◆ Exercise requirements
Keep the images out while you set down the data exactly.

◆ Supplied material

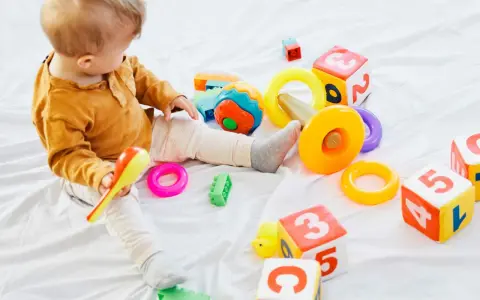 Roczne dziecko bawi się kolorowymi klockami, pierścieniami i grzechotką. Idealne gry dla rocznego dziecka.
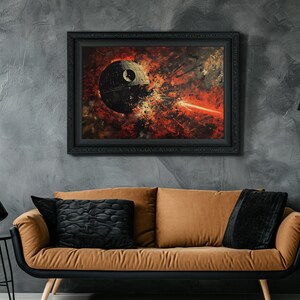 May include: A framed painting of a large, round, gray spaceship exploding in a fiery red and orange nebula. The spaceship has a small, round window in the center. The painting is set against a gray textured wall, with a brown couch and black lamp in the foreground.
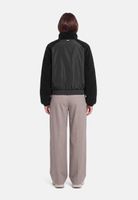 Person von hinten in schwarzem Fleece-Jacken-Set mit grauen, weiten Hosen.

◆ Exercise solution
 Roczne dziecko bawi się kolorowymi klockami, pierścieniami i grzechotką. Idealne gry dla rocznego dziecka.
 May include: A framed painting of a large, round, gray spaceship exploding in a fiery red and orange nebula. The spaceship has a small, round window in the center. The painting is set against a gray textured wall, with a brown couch and black lamp in the foreground.
 Person von hinten in schwarzem Fleece-Jacken-Set mit grauen, weiten Hosen.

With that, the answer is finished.